The summer before my fourth grade year, after school shopping, my mother totalled her car rear-ending another during a thunderstorm. No one was hurt; we were all okay. I was in the front seat at the time, though, and I spent the rest of the summer and following year completely terrified of running into another car. It was awful.
So whenever my family goes somewhere in the car, I drive. I’ve joked for years that it’s better for our relationship this way, because I am a shitty passenger. It’s the truth – Jeff is a good driver. It’s just that I spend my time in the passenger seat waxing wildly between terrified (Can you slow down before you KILL US?) and angry (OMG, pass this guy, will you?).
But last year, the day after we drove home straight through to the New York border from North Carolina, I threw out my back, because my right hip tightened up from having my foot on the accelerator and brake. And with all the sitting I’ve been doing lately, this week my back has been awful; I am having a hard time standing up straight.

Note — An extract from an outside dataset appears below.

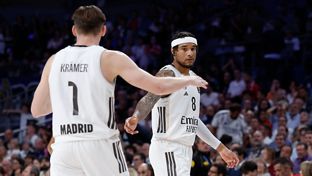 El Real Madrid recibe este miércoles al Partizán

So it’s time for our annual Thanksgiving trip to North Carolina this weekend, and yesterday afternoon we left for leg #1 – a 6 hour trip to stop at my aunt and uncle’s in Pennsylvania. And I drove initially, but when we stopped for dinner, I admitted that my back was bothering me, and I asked Jeff to drive.
And I very nearly had a damn panic attack as he dealt with traffic on 15 in Connecticut that went from 75 mph to 30… every few miles. He had to slam on the brakes, and every time he did so I wanted to scream. It was awful, quite honestly. I watched the minutes tick by, eons between each one. I wished I could be anywhere but where I was.
It was really, really eye opening for me. For all the meditation and letting go I THINK I’ve done, I still am not in a place where I can really let go of the need to be in control, to trust that things will be what they will be. In so many ways, I’m still that scared 9 year old in the front seat of my mother’s car.
All right, then. My practice, this weekend, is letting go… and letting Jeff drive.